- Data extract
- - -

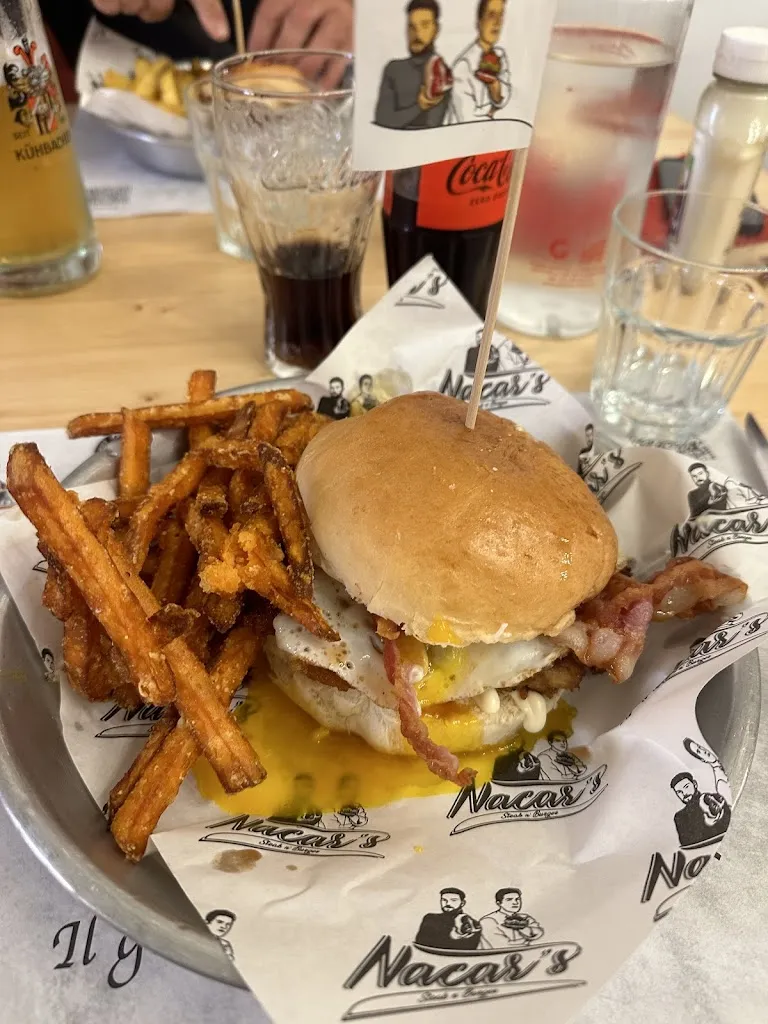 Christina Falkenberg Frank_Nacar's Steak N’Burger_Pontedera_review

- - -

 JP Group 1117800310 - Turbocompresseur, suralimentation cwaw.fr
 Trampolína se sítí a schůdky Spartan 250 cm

- - -

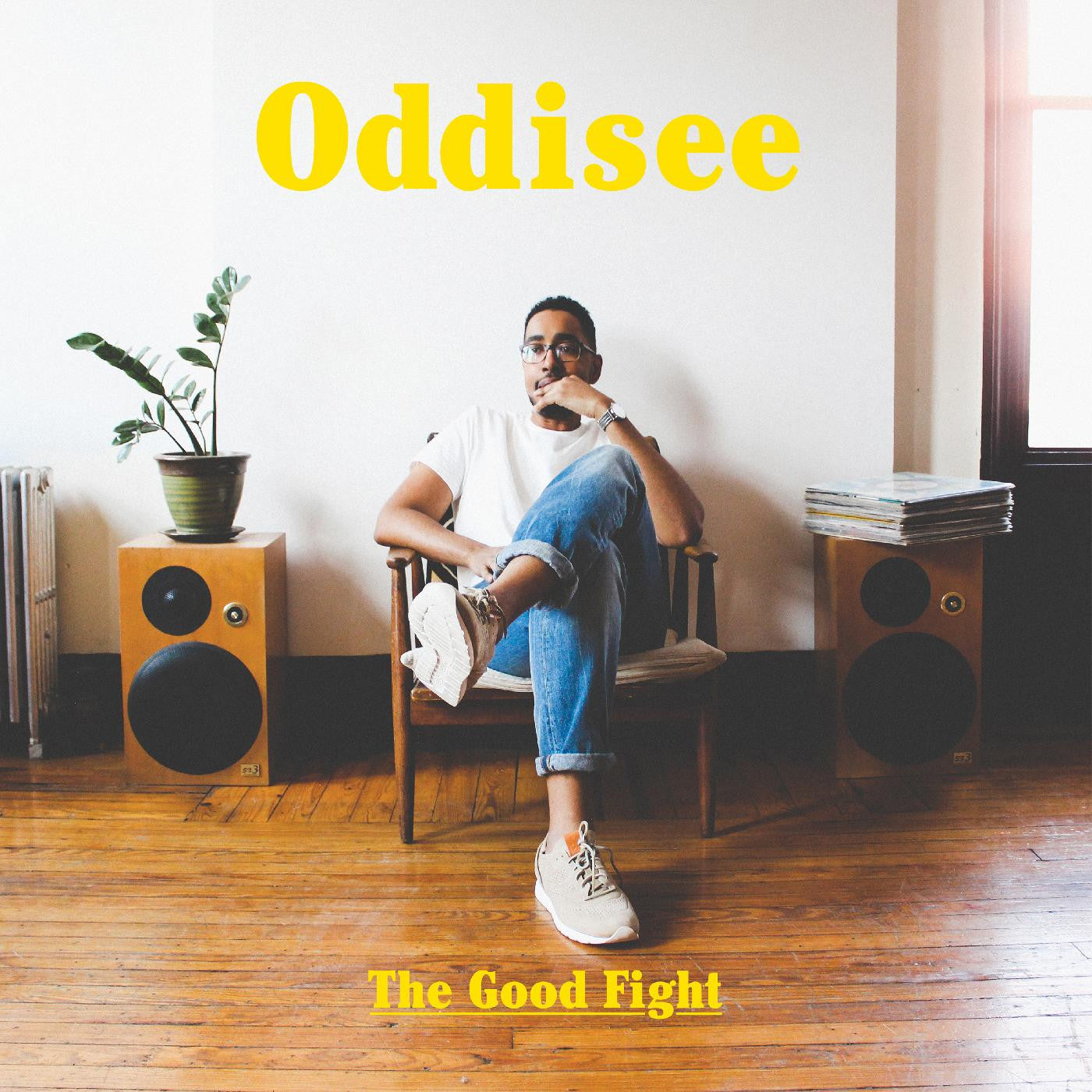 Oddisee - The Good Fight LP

- - -

- What you should do
Your reply is to repeat, unchanged, the lines above running from the one with "JP Group 1117800310" up to and including the one with "Trampolína se sítí a schůdky Spartan 250 cm".

- Result of this exercise
 JP Group 1117800310 - Turbocompresseur, suralimentation cwaw.fr
 Trampolína se sítí a schůdky Spartan 250 cm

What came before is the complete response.